**Required work**:
Go through the data below and copy each line that includes "small".
==== Excerpted data ====
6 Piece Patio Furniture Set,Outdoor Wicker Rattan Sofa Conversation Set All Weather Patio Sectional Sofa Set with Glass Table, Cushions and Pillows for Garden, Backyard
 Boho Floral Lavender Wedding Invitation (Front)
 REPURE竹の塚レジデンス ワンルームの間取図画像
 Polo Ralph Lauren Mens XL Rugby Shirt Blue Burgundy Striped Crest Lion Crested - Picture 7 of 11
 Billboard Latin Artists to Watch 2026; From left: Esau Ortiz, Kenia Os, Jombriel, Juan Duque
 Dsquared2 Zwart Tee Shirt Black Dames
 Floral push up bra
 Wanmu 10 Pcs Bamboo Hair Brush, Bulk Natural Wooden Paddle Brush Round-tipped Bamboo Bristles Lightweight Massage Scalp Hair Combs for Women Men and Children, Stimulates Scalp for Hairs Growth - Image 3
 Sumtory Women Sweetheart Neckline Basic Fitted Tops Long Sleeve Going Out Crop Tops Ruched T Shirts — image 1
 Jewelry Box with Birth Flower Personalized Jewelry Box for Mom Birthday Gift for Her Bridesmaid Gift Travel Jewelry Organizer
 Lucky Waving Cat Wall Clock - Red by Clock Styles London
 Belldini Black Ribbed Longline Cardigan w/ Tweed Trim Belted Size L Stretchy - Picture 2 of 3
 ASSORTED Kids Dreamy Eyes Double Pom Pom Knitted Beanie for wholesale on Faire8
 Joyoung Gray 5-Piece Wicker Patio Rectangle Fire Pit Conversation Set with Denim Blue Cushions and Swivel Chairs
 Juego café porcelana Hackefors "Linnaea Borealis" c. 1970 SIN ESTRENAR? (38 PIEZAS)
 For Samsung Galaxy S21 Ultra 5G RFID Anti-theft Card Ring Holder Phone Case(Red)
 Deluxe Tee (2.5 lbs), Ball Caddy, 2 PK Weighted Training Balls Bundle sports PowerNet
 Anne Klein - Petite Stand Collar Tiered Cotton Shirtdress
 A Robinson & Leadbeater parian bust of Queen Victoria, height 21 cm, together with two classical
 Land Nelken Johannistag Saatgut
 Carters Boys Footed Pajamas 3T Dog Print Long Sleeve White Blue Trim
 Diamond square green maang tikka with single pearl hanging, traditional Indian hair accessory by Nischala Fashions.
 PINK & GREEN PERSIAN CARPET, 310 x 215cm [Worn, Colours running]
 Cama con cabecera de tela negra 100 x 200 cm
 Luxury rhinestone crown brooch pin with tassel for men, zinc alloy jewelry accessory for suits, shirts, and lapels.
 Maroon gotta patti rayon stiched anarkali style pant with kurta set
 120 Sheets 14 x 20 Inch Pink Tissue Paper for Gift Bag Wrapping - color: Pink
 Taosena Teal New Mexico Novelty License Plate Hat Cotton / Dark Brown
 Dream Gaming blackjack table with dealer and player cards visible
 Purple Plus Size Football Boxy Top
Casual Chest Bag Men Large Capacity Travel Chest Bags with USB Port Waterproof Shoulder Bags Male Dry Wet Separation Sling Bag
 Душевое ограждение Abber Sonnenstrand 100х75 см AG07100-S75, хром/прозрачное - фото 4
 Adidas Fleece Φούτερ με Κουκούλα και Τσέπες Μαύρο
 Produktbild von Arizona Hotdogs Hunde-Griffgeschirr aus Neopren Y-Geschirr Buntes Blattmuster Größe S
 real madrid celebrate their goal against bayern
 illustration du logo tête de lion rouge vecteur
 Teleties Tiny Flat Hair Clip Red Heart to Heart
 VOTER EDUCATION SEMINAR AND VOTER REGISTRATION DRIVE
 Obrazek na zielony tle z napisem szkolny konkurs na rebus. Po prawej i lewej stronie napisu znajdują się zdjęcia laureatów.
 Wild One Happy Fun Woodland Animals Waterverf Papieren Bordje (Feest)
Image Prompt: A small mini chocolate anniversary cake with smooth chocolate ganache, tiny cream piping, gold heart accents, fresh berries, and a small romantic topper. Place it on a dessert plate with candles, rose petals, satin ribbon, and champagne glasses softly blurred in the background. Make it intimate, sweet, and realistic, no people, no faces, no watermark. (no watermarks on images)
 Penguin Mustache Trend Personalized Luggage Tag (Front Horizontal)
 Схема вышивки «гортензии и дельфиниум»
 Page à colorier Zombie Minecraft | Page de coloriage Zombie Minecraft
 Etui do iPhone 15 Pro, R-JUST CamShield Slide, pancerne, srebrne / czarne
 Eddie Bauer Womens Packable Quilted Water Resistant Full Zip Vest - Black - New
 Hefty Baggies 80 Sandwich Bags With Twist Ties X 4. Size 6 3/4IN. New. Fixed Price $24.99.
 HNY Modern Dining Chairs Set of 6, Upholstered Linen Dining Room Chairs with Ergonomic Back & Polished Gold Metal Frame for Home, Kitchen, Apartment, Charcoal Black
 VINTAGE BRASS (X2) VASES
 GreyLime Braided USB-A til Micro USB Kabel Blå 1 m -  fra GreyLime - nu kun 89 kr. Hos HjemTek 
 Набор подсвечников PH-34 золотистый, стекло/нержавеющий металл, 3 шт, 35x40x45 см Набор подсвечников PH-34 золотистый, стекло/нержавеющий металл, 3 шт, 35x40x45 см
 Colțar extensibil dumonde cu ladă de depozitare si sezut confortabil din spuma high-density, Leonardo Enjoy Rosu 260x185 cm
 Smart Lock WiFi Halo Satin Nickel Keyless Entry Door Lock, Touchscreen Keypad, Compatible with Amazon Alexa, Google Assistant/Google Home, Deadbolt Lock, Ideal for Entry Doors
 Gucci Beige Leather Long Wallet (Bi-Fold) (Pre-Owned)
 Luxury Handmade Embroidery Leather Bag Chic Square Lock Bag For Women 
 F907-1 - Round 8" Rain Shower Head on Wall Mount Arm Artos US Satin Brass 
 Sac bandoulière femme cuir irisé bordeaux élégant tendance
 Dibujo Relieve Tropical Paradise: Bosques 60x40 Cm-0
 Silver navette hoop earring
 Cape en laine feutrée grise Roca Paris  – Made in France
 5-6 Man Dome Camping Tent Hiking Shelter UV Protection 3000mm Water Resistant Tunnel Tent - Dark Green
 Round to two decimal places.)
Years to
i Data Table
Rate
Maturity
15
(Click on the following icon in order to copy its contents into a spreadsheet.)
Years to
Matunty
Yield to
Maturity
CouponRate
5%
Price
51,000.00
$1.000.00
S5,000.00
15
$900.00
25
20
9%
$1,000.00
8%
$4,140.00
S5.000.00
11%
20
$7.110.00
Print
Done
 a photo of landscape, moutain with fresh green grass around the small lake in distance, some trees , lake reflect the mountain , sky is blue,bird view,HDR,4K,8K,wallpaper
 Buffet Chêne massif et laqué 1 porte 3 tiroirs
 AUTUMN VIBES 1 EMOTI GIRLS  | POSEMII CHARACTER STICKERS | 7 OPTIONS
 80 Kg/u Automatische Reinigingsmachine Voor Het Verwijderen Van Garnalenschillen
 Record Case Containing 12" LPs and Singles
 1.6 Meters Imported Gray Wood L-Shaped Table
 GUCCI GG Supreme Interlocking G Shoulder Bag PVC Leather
====
**Solved exercise**:
Image Prompt: A small mini chocolate anniversary cake with smooth chocolate ganache, tiny cream piping, gold heart accents, fresh berries, and a small romantic topper. Place it on a dessert plate with candles, rose petals, satin ribbon, and champagne glasses softly blurred in the background. Make it intimate, sweet, and realistic, no people, no faces, no watermark. (no watermarks on images)
 a photo of landscape, moutain with fresh green grass around the small lake in distance, some trees , lake reflect the mountain , sky is blue,bird view,HDR,4K,8K,wallpaper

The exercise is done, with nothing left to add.